La era de los discursos de Castro, la ideología y los sucesos de la Guerra Fría no es el legado que quieren los jóvenes de hoy. Al igual que muchos cubanos jóvenes, Rocío anhela que Cuba se modernice. ¿Por qué no hay acceso abierto y asequible a internet? ¿Por qué no puede entrar fácilmente a Facebook para saludar a su hermana que está en Barcelona? ¿Por qué es tan difícil visitar el Louvre, ya sea en persona o virtualmente?
“Creo que todo el mundo tiene el derecho de obtener la información que desee para pensar y estudiar”, dijo.
Sostiene que es claro que el bloqueo comercial de Estados Unidos no ayudó, pero que la mayoría de los jóvenes consideran que su propio gobierno es el responsable de crear una sociedad de límites.
“Fidel y Raúl comenzaron con una buena idea”, dijo. “Simplemente no lograron lo que dijeron que iban a lograr”.
Ella quiere lo mismo que su abuelo y Fidel Castro querían cuando eran jóvenes: un cambio radical y una oportunidad justa de construirse una vida bajo sus propios términos.
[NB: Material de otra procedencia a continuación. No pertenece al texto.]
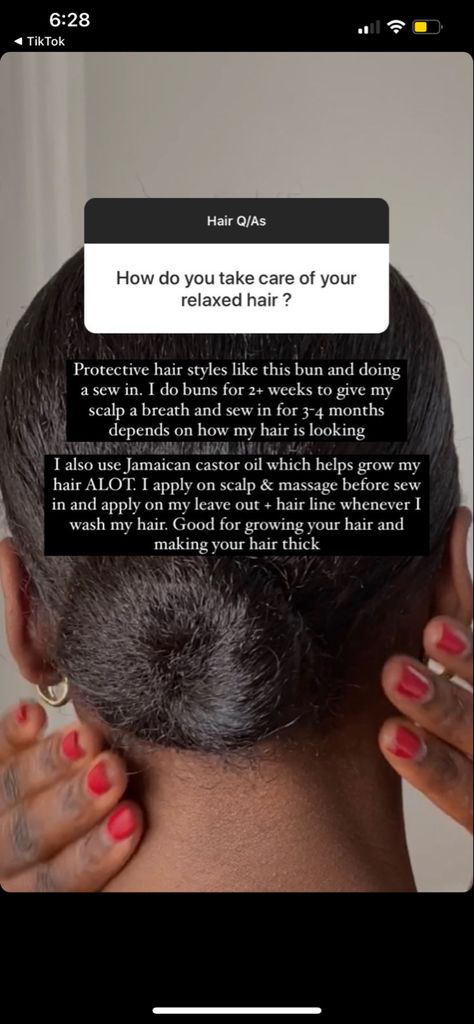 Grow Relaxed Hair For Black Women, How To Care For Relaxed Hair Tips, How To Care For Relaxed Hair, Relaxer Styles For Black Hair, Relaxed 4c Hair, Relaxed Hair Tips, Relaxers For Black Hair, Relaxed Hair Styles, Relaxed Hair Hairstyles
Dijo que los cambios de los años recientes que permitieron más empresas privadas y viajes, ofrecen cierta esperanza, “pero no está cambiando al ritmo necesario”.
Fidel Castro está muerto (”Fue un hombre del siglo XX”, dijo Juan Montes en una entrevista el sábado por la noche), y desde hace mucho tiempo Rocío está lista para los cambios que vienen. “No tenemos tiempo que perder”, dijo.